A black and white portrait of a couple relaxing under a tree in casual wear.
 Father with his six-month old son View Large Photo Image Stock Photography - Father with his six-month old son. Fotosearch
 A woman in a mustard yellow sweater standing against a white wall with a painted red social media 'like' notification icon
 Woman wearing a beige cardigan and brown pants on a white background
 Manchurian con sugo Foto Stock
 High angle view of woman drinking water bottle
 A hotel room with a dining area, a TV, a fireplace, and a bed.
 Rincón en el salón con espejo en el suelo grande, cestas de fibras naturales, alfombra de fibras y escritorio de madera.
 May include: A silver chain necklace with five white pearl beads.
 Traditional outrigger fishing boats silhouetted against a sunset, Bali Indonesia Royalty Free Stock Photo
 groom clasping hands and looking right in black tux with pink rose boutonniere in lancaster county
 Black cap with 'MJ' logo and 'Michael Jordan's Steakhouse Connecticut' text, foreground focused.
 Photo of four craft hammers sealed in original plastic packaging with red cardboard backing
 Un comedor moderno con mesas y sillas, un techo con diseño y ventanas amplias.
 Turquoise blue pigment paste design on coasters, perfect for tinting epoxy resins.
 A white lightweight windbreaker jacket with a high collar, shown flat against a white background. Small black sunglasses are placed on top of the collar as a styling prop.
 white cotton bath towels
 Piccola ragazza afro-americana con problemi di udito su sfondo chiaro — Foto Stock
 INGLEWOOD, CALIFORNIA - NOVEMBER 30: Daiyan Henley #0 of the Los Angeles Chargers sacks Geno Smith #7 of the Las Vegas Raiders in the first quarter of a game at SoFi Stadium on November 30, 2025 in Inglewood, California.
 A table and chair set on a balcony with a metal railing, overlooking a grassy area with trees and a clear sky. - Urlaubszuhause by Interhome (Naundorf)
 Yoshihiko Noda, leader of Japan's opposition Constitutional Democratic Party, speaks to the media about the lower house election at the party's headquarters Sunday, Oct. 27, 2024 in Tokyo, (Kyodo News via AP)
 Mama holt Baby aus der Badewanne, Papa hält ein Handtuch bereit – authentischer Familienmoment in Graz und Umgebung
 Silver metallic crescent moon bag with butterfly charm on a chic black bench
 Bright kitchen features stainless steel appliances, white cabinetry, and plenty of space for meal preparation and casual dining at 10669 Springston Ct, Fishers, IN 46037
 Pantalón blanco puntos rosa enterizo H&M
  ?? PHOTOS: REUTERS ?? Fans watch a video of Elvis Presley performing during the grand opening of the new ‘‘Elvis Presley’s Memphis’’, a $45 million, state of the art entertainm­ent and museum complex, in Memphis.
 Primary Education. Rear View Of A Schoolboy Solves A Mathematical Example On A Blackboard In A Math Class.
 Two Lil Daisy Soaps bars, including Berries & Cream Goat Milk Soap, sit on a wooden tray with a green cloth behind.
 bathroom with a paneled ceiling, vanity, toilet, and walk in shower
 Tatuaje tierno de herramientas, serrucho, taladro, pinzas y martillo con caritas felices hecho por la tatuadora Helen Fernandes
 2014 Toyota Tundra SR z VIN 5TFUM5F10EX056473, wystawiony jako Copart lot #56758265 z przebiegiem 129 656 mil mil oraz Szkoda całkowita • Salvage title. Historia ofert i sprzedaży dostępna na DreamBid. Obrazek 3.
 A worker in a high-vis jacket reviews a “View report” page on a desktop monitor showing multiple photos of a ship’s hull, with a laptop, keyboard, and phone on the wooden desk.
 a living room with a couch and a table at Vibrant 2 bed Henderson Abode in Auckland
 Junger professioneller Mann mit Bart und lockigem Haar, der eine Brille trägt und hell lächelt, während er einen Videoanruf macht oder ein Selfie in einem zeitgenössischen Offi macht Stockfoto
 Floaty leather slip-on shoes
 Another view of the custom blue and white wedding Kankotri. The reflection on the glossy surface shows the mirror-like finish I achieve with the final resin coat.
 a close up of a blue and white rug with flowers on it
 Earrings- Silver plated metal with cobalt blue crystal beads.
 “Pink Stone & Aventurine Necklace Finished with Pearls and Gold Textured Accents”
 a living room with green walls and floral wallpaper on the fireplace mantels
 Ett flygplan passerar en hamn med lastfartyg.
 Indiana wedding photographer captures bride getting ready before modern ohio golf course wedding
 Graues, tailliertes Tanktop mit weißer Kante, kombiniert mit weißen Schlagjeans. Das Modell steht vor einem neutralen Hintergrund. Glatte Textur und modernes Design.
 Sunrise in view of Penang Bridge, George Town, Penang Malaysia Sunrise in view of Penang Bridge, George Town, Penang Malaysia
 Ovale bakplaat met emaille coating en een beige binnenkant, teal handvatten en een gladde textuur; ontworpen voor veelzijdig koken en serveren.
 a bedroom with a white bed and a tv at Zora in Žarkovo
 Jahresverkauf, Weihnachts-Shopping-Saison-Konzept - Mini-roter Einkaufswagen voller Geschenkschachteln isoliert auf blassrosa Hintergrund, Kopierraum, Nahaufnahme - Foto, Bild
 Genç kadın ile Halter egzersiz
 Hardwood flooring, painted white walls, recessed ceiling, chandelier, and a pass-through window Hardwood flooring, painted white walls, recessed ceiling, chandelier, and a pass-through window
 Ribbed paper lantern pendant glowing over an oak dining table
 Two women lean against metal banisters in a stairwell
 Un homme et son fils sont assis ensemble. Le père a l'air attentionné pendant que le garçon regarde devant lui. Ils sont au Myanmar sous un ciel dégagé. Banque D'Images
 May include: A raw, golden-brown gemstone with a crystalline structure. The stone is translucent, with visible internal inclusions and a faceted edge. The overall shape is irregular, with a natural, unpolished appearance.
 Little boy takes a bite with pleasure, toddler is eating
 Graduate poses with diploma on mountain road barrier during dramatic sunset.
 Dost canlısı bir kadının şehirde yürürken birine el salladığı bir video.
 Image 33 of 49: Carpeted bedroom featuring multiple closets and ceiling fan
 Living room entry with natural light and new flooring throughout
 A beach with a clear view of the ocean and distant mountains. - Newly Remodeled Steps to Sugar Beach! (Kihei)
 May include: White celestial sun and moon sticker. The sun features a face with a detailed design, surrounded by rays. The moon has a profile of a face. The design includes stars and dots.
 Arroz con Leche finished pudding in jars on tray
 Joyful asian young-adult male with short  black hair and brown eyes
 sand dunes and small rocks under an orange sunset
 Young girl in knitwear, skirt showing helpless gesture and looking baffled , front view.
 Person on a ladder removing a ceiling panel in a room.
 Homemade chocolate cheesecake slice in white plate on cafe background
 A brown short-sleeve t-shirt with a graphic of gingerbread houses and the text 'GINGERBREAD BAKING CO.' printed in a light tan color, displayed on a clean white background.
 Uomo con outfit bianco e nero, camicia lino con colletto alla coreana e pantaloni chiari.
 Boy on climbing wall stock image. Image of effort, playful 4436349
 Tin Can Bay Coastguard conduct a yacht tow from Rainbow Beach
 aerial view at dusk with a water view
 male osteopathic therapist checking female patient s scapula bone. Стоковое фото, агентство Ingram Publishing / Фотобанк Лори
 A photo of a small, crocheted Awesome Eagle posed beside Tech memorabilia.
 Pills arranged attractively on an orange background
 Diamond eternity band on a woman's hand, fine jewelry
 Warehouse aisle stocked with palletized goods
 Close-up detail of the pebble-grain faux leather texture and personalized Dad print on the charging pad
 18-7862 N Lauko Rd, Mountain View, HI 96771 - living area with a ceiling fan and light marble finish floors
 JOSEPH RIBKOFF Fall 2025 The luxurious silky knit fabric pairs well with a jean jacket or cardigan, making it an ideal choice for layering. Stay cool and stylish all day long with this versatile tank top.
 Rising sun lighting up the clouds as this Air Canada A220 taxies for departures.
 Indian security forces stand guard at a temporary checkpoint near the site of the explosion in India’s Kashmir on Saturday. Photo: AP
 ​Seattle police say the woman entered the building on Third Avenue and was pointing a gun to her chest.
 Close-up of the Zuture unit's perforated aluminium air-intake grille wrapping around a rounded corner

-*-*-

Exercise description: Restate word for word the lines in the material above from the one with "sand dunes and" to the one with "A brown short-sleeve"; both of those lines count, and nothing else does.

Answer space:
 sand dunes and small rocks under an orange sunset
 Young girl in knitwear, skirt showing helpless gesture and looking baffled , front view.
 Person on a ladder removing a ceiling panel in a room.
 Homemade chocolate cheesecake slice in white plate on cafe background
 A brown short-sleeve t-shirt with a graphic of gingerbread houses and the text 'GINGERBREAD BAKING CO.' printed in a light tan color, displayed on a clean white background.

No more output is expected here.